December 12, 2018; South Dakota News Watch and KELO-FM

In late April, nursing home administrator Debbie Menzenberg sent urgent notices to South Dakota health care officials, saying that the company managing the 18 nursing homes she oversaw had stopped paying its bills. Utility companies were threatening to turn off water and power, putting residents at risk. In another five days, the nursing homes would run out of food and laundry supplies.

The company in question, New Jersey-based Skyline Healthcare, had assumed management of the homes—which are owned by Golden Living Centers—in January 2017. A year and a half later, Skyline Healthcare declared bankruptcy, threatening the stability of nearly 20 percent of the nursing homes statewide.

The state responded by putting the 18 skilled nursing facilities (and one assisted living facility also managed by Skyline) under the authority of Black Hills receivership. The receiver, hemorrhaging millions of dollars, requested permission in December to close two facilities by February 2019. According to South Dakota News Watch, as reprinted in the Argus Leader, the entire chain of homes is skating on thin ice.

Who is to blame for this debacle? The American Health Care Association, along with some state officials, blames Medicaid reimbursement rates. South Dakota has the lowest reimbursement rate of any state, $131 per day, while the cost of patient care is estimated to be $161 per day. As NewsWatch notes, with a loss of $32 per day per Medicaid resident, South Dakota nursing homes are losing $39 million per year.

But that’s not the whole story. Just over half of South Dakota’s nursing home residents (55 percent) receive Medicaid. This is considerably lower than the national average, which is closer to 62 percent. Most nursing homes make up for the loss on the Medicaid side of their business with private-pay residents, who pay far more than the average cost per day for their care. In South Dakota, for example, the cost for nursing home care is $7,000 to $9,000 per month.

What is really going on here is far more complex. As NPQ has covered in the past, for-profit companies now own and manage nearly 70 percent of nursing homes, as compared to 24 percent run by nonprofits. And all the evidence, including last year’s high-profile bankruptcy of HCR ManorCare, the nation’s second-largest nursing home chain, indicates that for-profit companies are gaming the system, hiding profits, bankrupting institutions, and delivering care that is demonstrably of lesser quality than care provided by nonprofit institutions.

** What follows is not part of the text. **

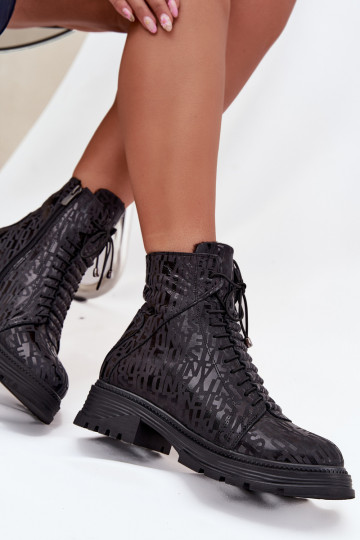 Pele Botins de trabalho Feminino aquecimento Casal o castelo Artiker 57C2257 cor preta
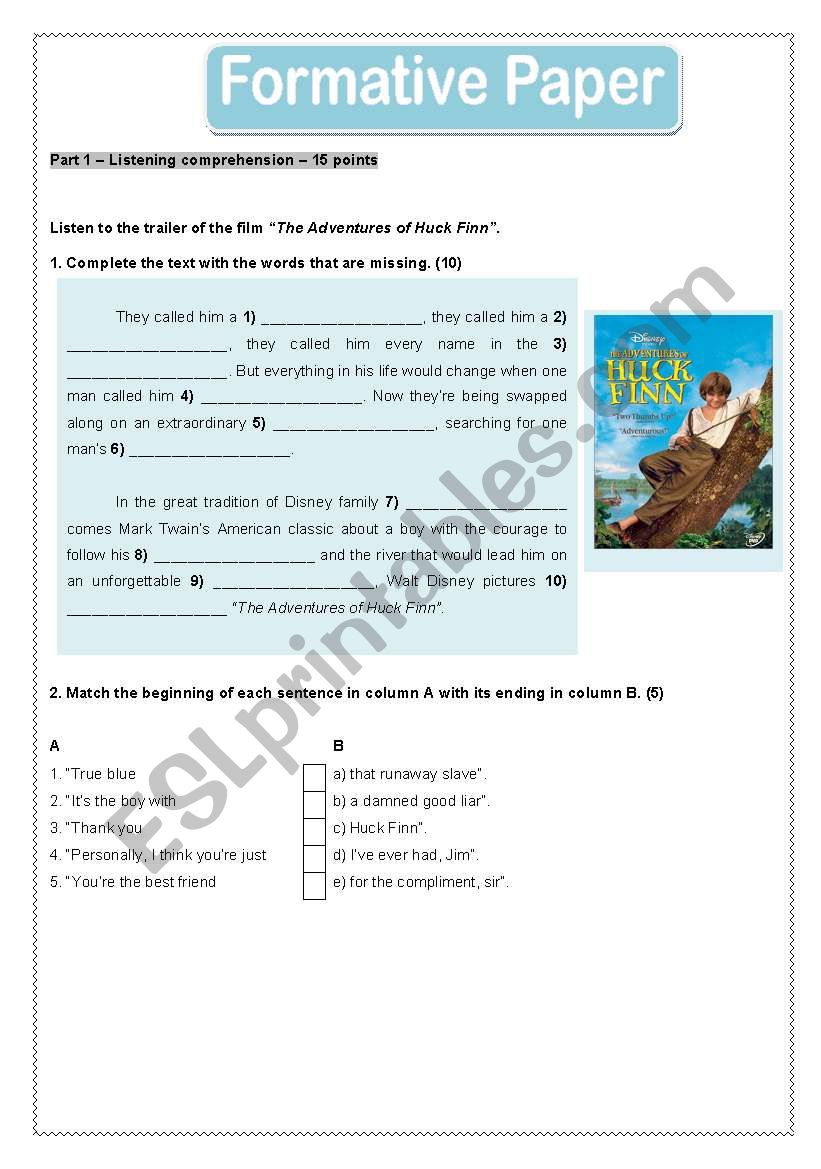 The adventures of Huck Finn worksheet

Golden Living Centers is a case in point. In Pennsylvania, its homes were found to be so deficient, that it was forced to transfer its licenses for 36 homes to other chains, among them the recently-bankrupted Skyline Healthcare. Golden Living continued to own the properties, charging rent to the new operators that came to $12 million in 2017 alone. The new operators also spent as much as $46 million on staffing, food, and other services provided by Golden Living subsidiaries. Recent reporting from PennLive concludes that the nursing homes remain “plagued with problems,” often as a result of these high costs.

Skyline Healthcare spokesperson Juda Engelmayer told PennLive that Golden Living’s leases and requirements to buy goods and services from Golden Living subsidiaries were the reason for Skyline’s bankruptcy.

Even nonprofit nursing homes struggle with slim margins, particularly in rural areas where the number of private pay residents may not be sufficient to offset low Medicaid payments. But a different story is playing out in Selby, South Dakota, where the community is facing the closure of its nonprofit nursing home, the Good Samaritan Center.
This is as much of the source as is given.